Coluna Do pasto ao prato, escrita pelo Médico-veterinário e sócio-proprietário da Assessoria Agropecuária FF Velloso & Dimas-Rocha, Fernando Velloso
Participo de vários grupos de WhatsApp. Já nem sei se é bom ou não (dúvida). Alguns deles são específicos de selecionadores de raça “pura”. É a turma do Angus, do Brangus, do Hereford, do Braford, do Charolês e do Devon. Enfim, as raças que utilizamos e selecionamos aqui nessa pecuária do sul do Brasil. Ali é o espaço onde podemos discutir os desafios na produção de reprodutores, na comercialização e, eventualmente, da seleção dos animais.
Não está fora de ordem, pois o que menos observo são discussões sobre seleção nos grupos de selecionadores. Não é trocadilho. Não é crítica. É constatação. Talvez o assunto seleção já esteja meio superado, talvez a maioria já se rendeu aos programas de melhoramento e vamos correr atrás de números, talvez nem valha a pena começar essa conversa, pois seleção é tema como política e religião. Áreas da vida onde a lente fica meio desfocada pelas paixões ou embaçada pelas lágrimas.
Recentemente, li uma boa troca de mensagens sobre animais mais selecionados pela natureza do que pela mão do homem. Entrou em pauta a necessária discussão sobre adaptação ao meio ou seleção para produção, para a famosa “performance”. Contive-me e não participei. Fiquei até orgulhoso de mim: não entrar nesse ringue deve ser um amadurecimento. Maturidade um pouco tardia. Apesar de porte médio, devo ter biótipo tardio, que precisa de quase 50 anos para não entrar numa discussão em que não foi chamado. Daquela boa e espontânea discussão, me veio a ideia deste texto. A minha fonte de ideias estava meio seca como a estiagem no RS; os grupos me hidrataram.

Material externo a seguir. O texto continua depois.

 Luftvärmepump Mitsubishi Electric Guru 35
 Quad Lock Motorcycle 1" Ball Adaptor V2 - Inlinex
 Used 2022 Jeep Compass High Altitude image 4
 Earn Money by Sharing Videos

Selecionamos os bovinos pela cabeça dos jurados, pelas forças da natureza ou pelas orientações do mercado?
Um termo que ouço repetidamente é o tal padrão racial: “temos de preservar a pureza, o standard, o selo, a beleza racial, a nobreza da raça”. Já ouviu algo assim ou semelhante? Duvido que não.

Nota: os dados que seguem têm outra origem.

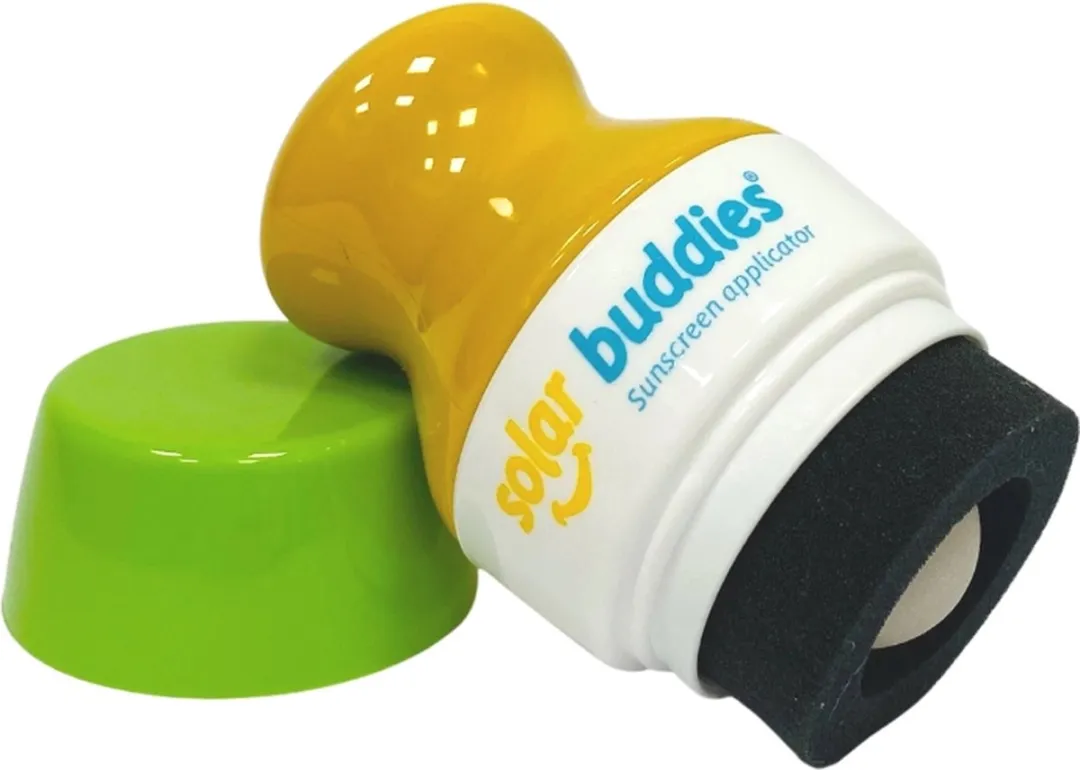 AMICI Cosmetics Solar Buddies Ollie Green Zonnebrandroller - 100ml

Mas como foram estabelecidos os tais padrões raciais? Um grupo de criadores une-se, forma uma associação de raça e descreve o que é padrão naquela raça e o que não é. Regulamenta-se. Aplica-se. As intenções são as melhores. O objetivo é multiplicar animais com aquelas características produtivas do grupo inicial; o visual dos animais é a ferramenta. O visual é tipo uma capa ou tampa dos genes que buscamos. Garrafa com rótulo de Coca Cola deve ter Coca Cola dentro.

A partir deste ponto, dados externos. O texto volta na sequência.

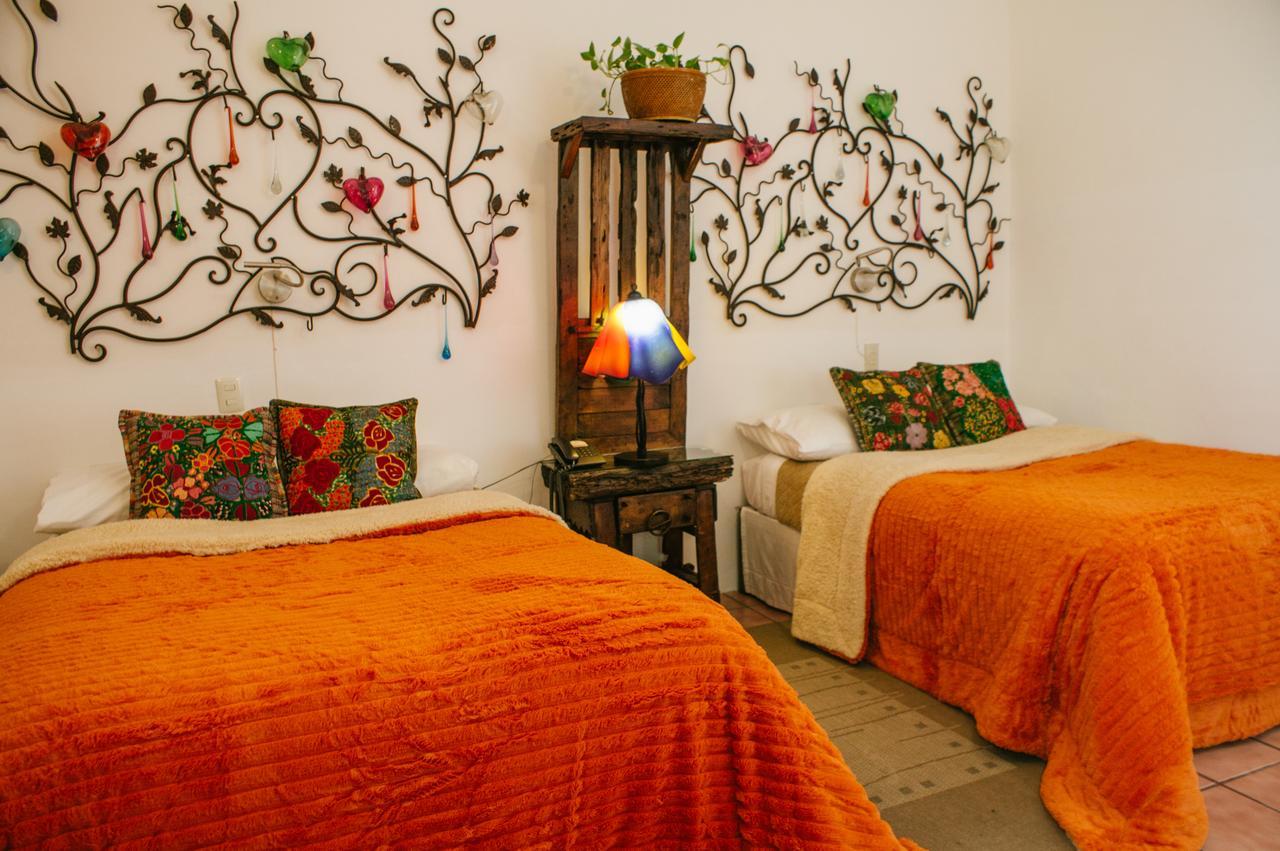 La Casona De Tete Hotel Lagos de Moreno Bagian luar foto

O que me aborrece um pouco nas discussões sobre caracterização racial são algumas visões um pouco extremadas ou radicais. Exemplo: a cabeça do Angus é assim; se não for, não é Angus. É atípico, é impuro, etc. Parte-se do pressuposto de que a pureza está conectada intimamente com um padrão visual, porém esse padrão visual defendido é o retrato de um período do tempo. É a cabeça do Angus nas fotos dos anos 50 e 60, talvez. É um desenho num adesivo ou logotipo. É um período da linha do tempo da raça e do que era mais buscado ou multiplicado.
Visitei a Aberdeen Angus Cattle Society, em Perth na Escócia (jan/2009). É a entidade que controla a raça no Reino Unido desde 1879. Fiquei um pouco surpreso que a maioria das imagens que vi lá não se pareciam com os animais que chamávamos aqui de Angus original ou escocês. A entidade é quase uma viagem no tempo, cheia de vacas e touros importantes empalhados pelas paredes. Entre eles, estava o desenho da Old Granny 125 (Geração 1824), uma das matrizes mais famosas e fundadoras da raça. Essa matriz morreu aos 35 anos e teve 29 produtos. Ela tinha uma cabeça grande e comprida. Perguntei sobre esse Angus que chamamos de original, de porte pequeno, pata curta, de cabeça bem reduzida. Eles me responderam que a raça foi assim em um período da história. Por lá, vi também várias fotos ou desenhos de animais com úberes brancos ou ventres manchados. Nossa! É quase pornografia! Manchas brancas! Mas isso não é impureza, Velloso? Não sei responder. Vamos consultar os regulamentos.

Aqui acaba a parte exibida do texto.